Bom, outra coisa bastante desconfortável é quando vocês resumem a nossa existência à nossa identidade de gênero, à trans. Sempre à trans. No meu caso por exemplo, ‘a cantora trans’ ‘a modelo trans’, ‘a trans ali’, ‘a trans aqui’. Gente, ser trans é apenas uma característica minha, é uma característica bastante pontual? Sim. Mas não é a única. Então, eu estou aqui para falar de assuntos importantes e vocês resumem minha existência apenas à minha identidade de gênero, isso é bastante pesado, não acham? (risos).
Outra coisa que me incomoda muito, mas eu não sei como é com as outras pessoas trans, então eu falo isso por mim: o momento que me perguntam quando eu me descobri mulher.

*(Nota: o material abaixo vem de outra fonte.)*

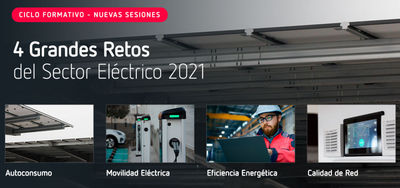 "4 grandes retos del 2021", apúntate a las nuevas sesiones del Ciclo formativo de Circutor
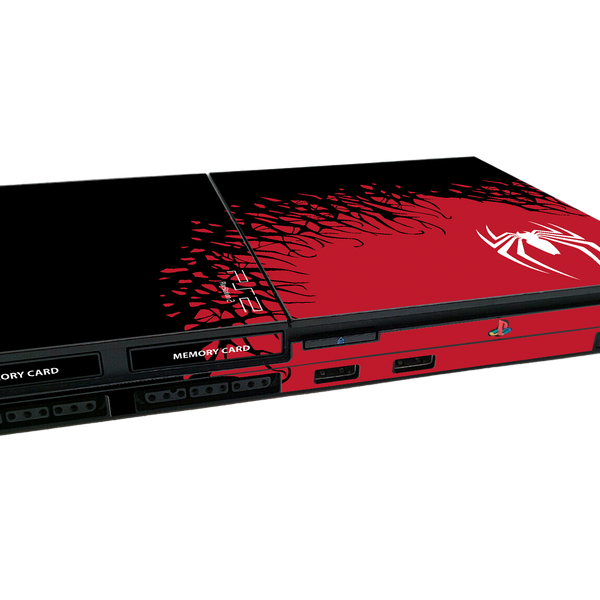 Spiderman 2 Skin Playstation 2 Slim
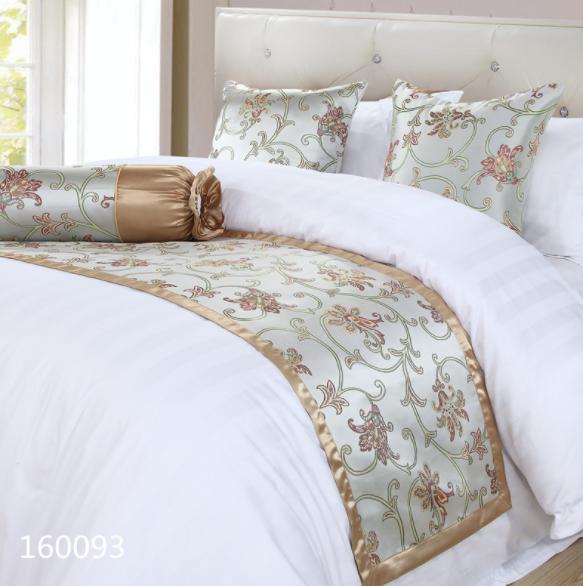 Bed Throw-120cm bed，Silk，50*180cm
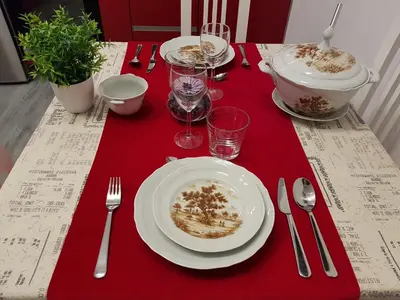 Comida en o cerca de este apartamento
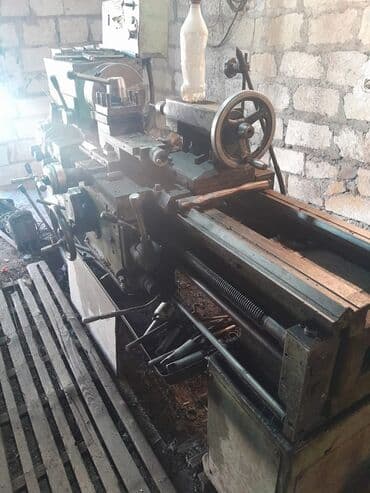 su kranti qiymeti: Universal dəzgah – torna (mexaniki) - Ümumi növ: metal emalı üçün — 1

Não houve esse momento. Eu sou mulher agora e a partir daqui eu fui mulher e a partir daqui eu olho para frente e me vejo mulher, serei mulher. Só que antes não me era dada a possibilidade de ser mulher e eu tive que ir atrás e lutar por essa possibilidade de ser. Creio que várias meninas trans se identificam com isso. Então não existiu esse momento, só não tive até agora a possibilidade de ser quem eu era. Não me foi nem apresentada essa possibilidade antes. É basicamente isso.
Como nosso contato agora é mais pela internet, devido ao isolamento social, sempre vejo pessoas perguntando para as pessoas trans: quais diferenças entre mulher trans e travesti? Qual diferença entre uma e a outra? Eu acho que são esquecidos pontos essenciais. As duas identidades são identidades femininas e seus nomes e pronomes devem ser respeitados. Nas suas presenças e nas suas ausências, senão, do que adianta, não é mesmo? Mas eu acho a gente tinha que partir do respeito e depois a gente diferenciava uma da outra. Vamos tentar, por nessa ordem, dessa vez?
E você ficou aí se perguntando: o que eu posso perguntar então? Sobre o que eu posso falar? Bom, eu sou cantora, eu sou modelo, você pode falar comigo de música, você pode falar comigo de moda, você pode falar comigo sobre skincare, sobre maquiagem, sobre o dia a dia, eu tenho tanta coisa para falar, mas não é só porque eu sou uma pessoa trans que eu vou poder lhe falar sobre gênero, sobre sexualidade, entende? Somos muito múltiplas, sabemos sobre tantos assuntos, não nos resumam só a isso, ok?